Data in this exercise Start Marker

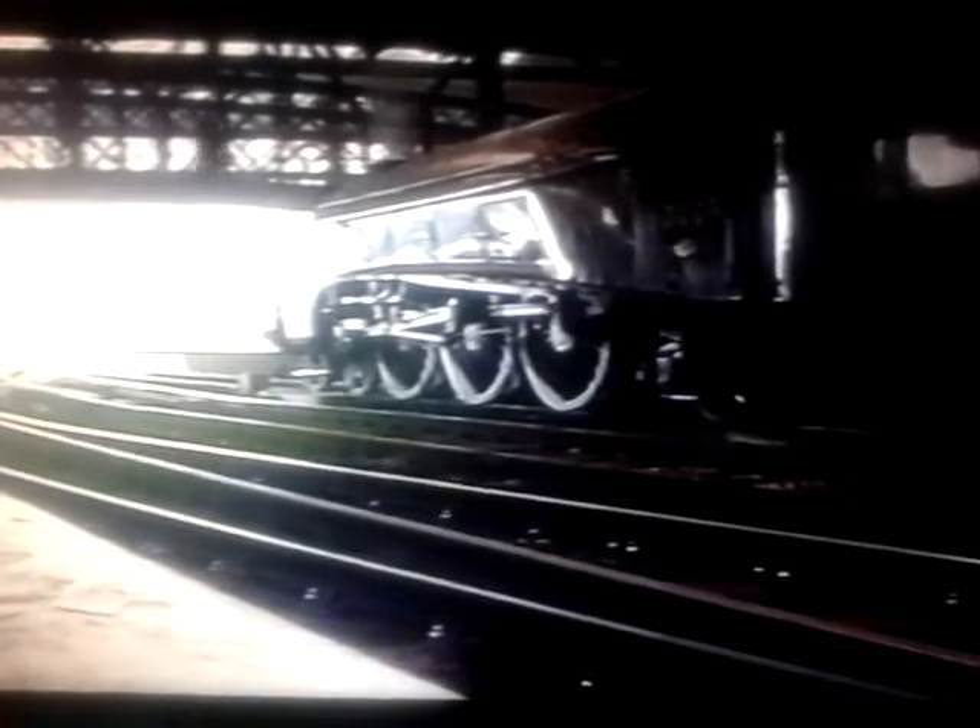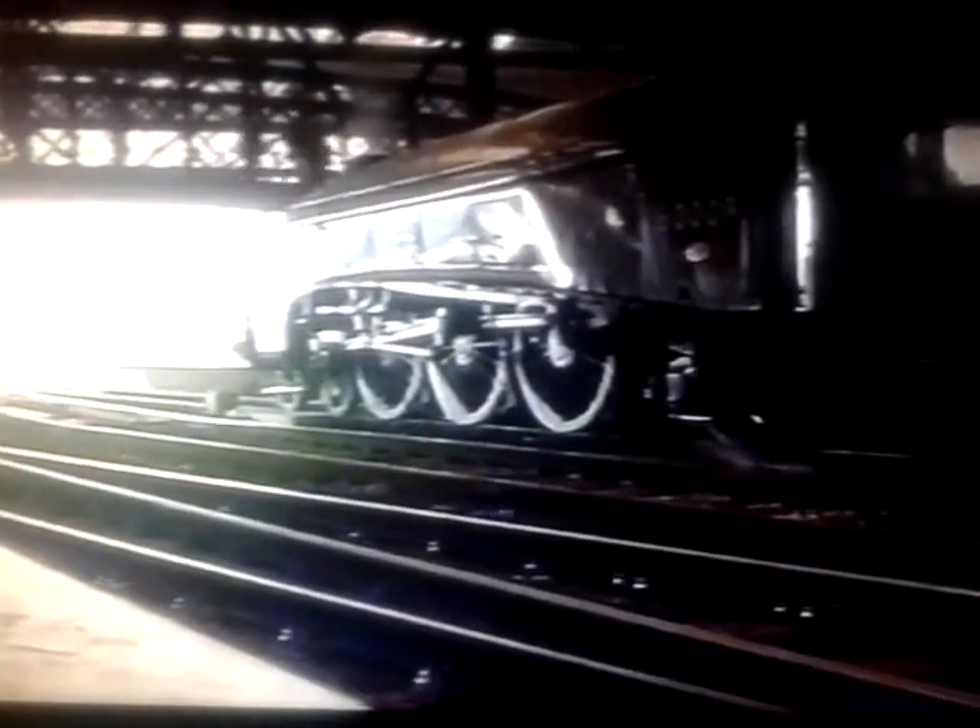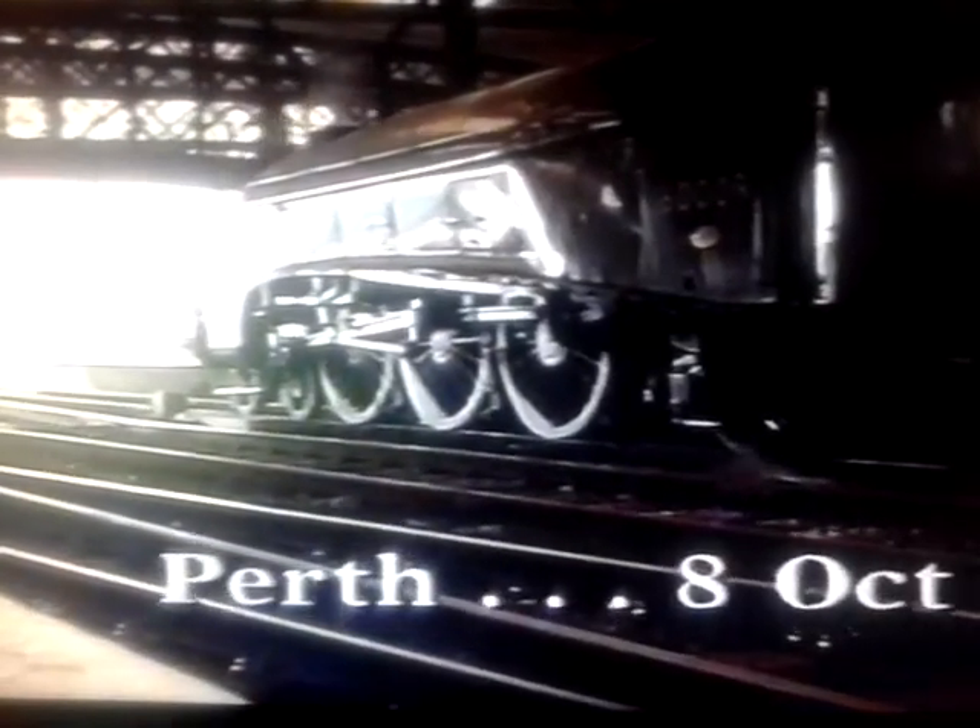1966 saw the last of the A-4s in daily service. Twenty-seven years later, one in the shape of 6009 Union of South Africa was to return, once again leaving Perth on a daily basis.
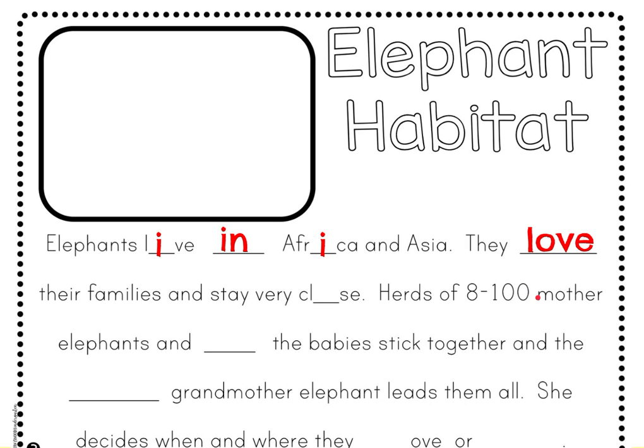They love their families and stay very close. You can write 'love' — L-O-V-E. And fill in an O for the middle sound in 'close.' They love their families and stay very close.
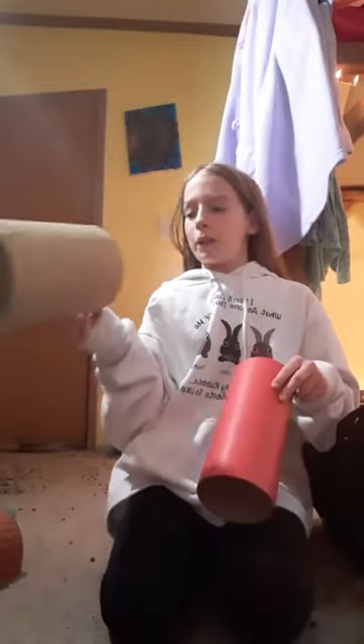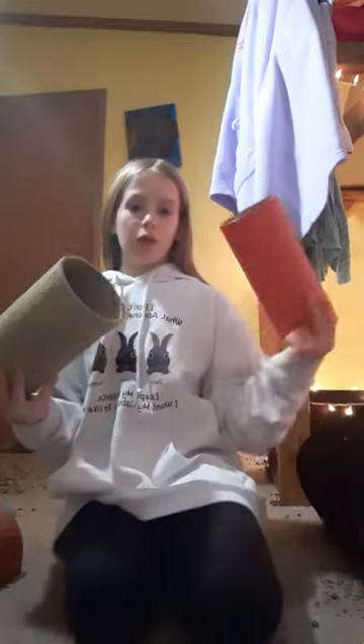First are tunnels. My guinea pigs like these because they can hide in them and go through them and they're fun. This one is made out of cardboard and then this one is made out of hay.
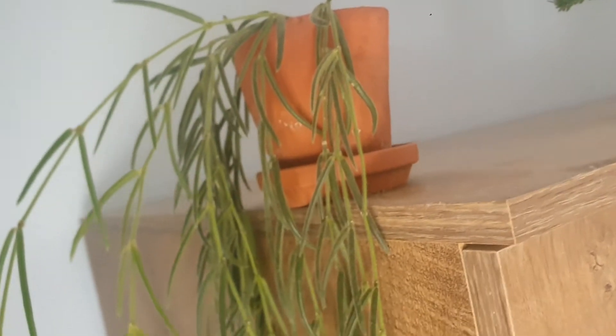I have a Hoya Lineares, which you can see has long, long, long vines. Beautiful, beautiful Hoya Lineares.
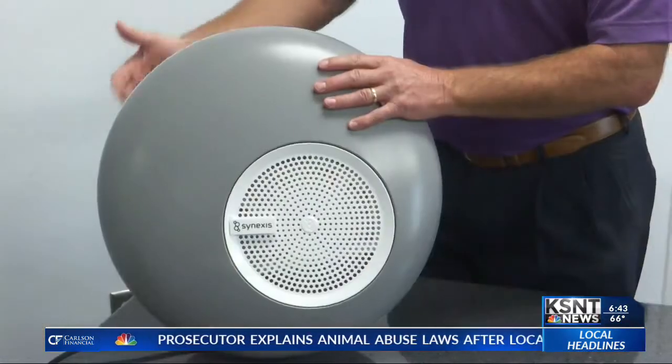Staff started installing the first 300 of these devices this week, and eventually they will be in all dorms across campus that house more than one person. They're expecting a shipment of another 1,300 in the next couple of weeks.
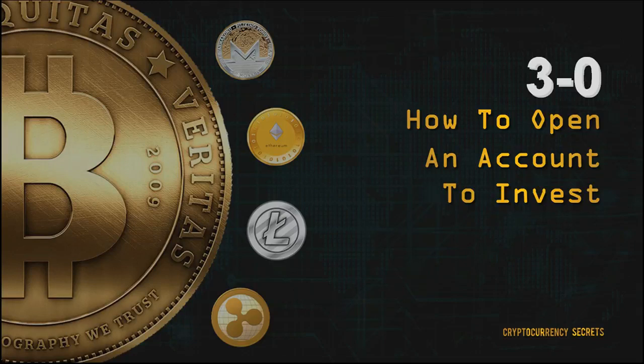Welcome back to Cryptocurrency Secrets. In the previous module, you already explored the different types of cryptocurrency available. In this module, we will learn how to open an account to start your investment.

Data in this exercise End Marker

Task goal: Pictures stay out; the entries above are to be output exactly as given.

Exercise output:
1966 saw the last of the A-4s in daily service. Twenty-seven years later, one in the shape of 6009 Union of South Africa was to return, once again leaving Perth on a daily basis.
They love their families and stay very close. You can write 'love' — L-O-V-E. And fill in an O for the middle sound in 'close.' They love their families and stay very close.
First are tunnels. My guinea pigs like these because they can hide in them and go through them and they're fun. This one is made out of cardboard and then this one is made out of hay.
I have a Hoya Lineares, which you can see has long, long, long vines. Beautiful, beautiful Hoya Lineares.
Staff started installing the first 300 of these devices this week, and eventually they will be in all dorms across campus that house more than one person. They're expecting a shipment of another 1,300 in the next couple of weeks.
Welcome back to Cryptocurrency Secrets. In the previous module, you already explored the different types of cryptocurrency available. In this module, we will learn how to open an account to start your investment.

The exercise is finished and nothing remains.